▶ ACTIVITY: Go to the line that contains "The DropOut Cyclery - Amber TIME ADHX Build", then write out that line and all that follow to the end of the listing, exactly and without pictures.

▶ DATA SECTION:
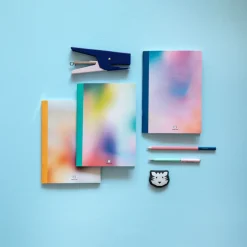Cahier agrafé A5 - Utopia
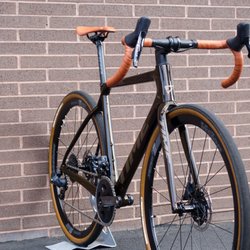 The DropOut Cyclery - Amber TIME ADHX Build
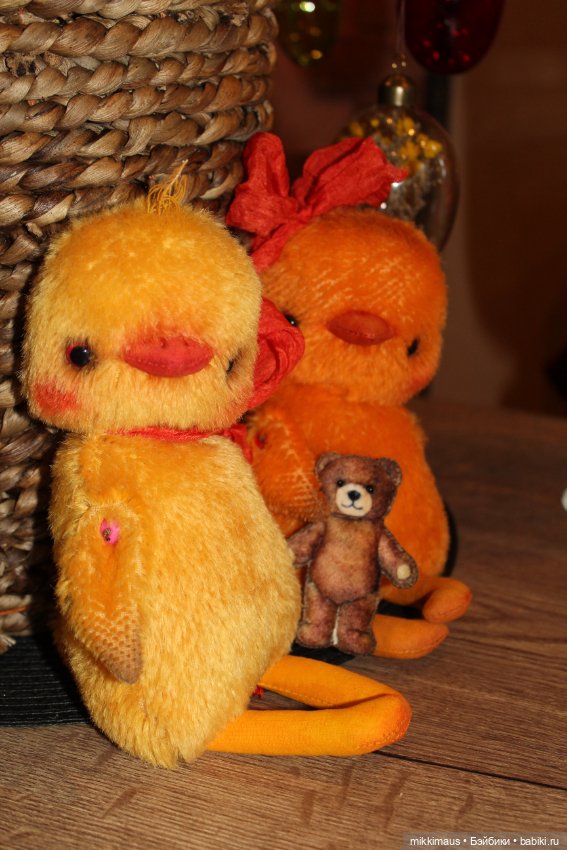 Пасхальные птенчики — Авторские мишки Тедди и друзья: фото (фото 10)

▶ TASK RESPONSE:
 The DropOut Cyclery - Amber TIME ADHX Build
 Пасхальные птенчики — Авторские мишки Тедди и друзья: фото (фото 10)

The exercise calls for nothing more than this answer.